Essa breve análise buscou oferecer um olhar tendente e atual sobre a época, explorando “as colas” sobre a cena artística dos anos 1980, destacando-se a discrepância entre a interpretação contemporânea e a perspectiva daquele tempo, à luz dos desdobramentos e do distanciamento histórico que sempre influenciam novas leituras. Especialmente no que diz respeito à compreensão e à aceitação da performance como uma forma legítima de expressão artística, bem como ao conhecimento do fazer artístico e do pensamento crítico de Márcia X ao longo de sua trajetória. Partindo do princípio de que o distanciamento temporal permite novas avaliações sobre o passado, torna-se possível atribuir novos significados e conclusões.

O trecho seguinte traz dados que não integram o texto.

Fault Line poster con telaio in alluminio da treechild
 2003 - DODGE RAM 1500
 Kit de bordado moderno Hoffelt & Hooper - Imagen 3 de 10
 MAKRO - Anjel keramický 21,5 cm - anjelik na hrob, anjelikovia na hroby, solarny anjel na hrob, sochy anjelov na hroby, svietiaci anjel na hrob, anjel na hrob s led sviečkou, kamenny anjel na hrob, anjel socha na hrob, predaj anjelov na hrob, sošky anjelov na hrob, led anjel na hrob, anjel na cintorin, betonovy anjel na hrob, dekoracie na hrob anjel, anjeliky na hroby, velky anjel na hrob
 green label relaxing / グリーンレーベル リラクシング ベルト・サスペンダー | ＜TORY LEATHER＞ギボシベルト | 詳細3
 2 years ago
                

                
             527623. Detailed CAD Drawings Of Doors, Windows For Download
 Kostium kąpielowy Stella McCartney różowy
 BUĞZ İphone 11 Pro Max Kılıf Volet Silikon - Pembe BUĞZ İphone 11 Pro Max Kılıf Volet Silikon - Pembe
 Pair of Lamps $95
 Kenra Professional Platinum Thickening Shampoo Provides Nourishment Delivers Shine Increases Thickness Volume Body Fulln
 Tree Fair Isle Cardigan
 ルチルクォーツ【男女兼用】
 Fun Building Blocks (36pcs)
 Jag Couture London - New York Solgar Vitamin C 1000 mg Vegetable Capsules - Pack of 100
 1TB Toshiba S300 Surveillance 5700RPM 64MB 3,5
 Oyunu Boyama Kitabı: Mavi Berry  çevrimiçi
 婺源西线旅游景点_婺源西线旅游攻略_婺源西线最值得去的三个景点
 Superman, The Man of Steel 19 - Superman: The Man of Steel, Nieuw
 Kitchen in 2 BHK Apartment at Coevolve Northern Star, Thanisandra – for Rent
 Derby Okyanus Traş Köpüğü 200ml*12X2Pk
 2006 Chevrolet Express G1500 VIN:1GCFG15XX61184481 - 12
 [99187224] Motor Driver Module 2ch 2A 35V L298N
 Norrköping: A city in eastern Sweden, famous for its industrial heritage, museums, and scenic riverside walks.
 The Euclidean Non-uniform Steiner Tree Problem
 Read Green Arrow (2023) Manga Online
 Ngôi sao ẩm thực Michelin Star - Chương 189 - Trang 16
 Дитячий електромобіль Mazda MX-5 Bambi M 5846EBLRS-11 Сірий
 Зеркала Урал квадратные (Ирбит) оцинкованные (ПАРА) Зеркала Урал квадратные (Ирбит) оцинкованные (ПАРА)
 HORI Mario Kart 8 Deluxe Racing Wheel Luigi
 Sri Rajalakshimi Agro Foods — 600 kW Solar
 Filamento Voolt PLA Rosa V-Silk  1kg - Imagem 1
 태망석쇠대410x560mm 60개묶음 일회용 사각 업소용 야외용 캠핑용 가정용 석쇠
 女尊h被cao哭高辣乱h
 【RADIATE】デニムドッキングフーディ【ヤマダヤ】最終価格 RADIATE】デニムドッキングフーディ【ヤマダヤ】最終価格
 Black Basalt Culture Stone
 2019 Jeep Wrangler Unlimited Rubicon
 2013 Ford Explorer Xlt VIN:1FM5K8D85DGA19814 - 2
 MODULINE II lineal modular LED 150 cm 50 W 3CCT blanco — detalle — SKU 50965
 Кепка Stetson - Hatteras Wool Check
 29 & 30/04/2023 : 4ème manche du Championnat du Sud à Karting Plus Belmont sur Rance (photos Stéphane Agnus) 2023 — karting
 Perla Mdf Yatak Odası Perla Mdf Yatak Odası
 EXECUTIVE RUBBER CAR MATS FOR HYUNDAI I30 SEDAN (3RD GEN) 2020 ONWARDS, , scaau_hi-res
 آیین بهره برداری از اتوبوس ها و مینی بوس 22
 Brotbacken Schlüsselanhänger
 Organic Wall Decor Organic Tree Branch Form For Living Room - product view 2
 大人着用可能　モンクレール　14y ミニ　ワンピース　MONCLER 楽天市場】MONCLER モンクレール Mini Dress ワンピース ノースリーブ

No entanto, isso se revela particularmente difícil em relação à obra de Márcia X, cuja produção mais suscita novas indagações do que oferece respostas.
A performance “Chuva de Dinheiro” (1983) está situada entre a agonia da inflação descontrolada e a ansiedade provocada pela iminente redemocratização do país. Realizada no coração das atividades mercadológicas da cidade do Rio, entre instituições financeiras, casas de câmbio, agências bancárias, restaurantes de alto padrão, pequenos bares, comércios familiares, filiais de grandes marcas e vendedores de calçada, a escolha da Cinelândia, à época um importante polo cinematográfico, parece ter sido ambiciosa. Afinal, o local é historicamente marcado por atos políticos, comícios, manifestações, expressão teatral e arte cinematográfica.
Quanto ao X da questão de suas performances, acredito que são provocações lançadas ao público, que é, simultaneamente, alvo e parte integrante do acontecimento. Márcia X se recusava a ignorar o entorno, sempre transpassado por suas intervenções manifestantes, numa dinâmica de ação e reação.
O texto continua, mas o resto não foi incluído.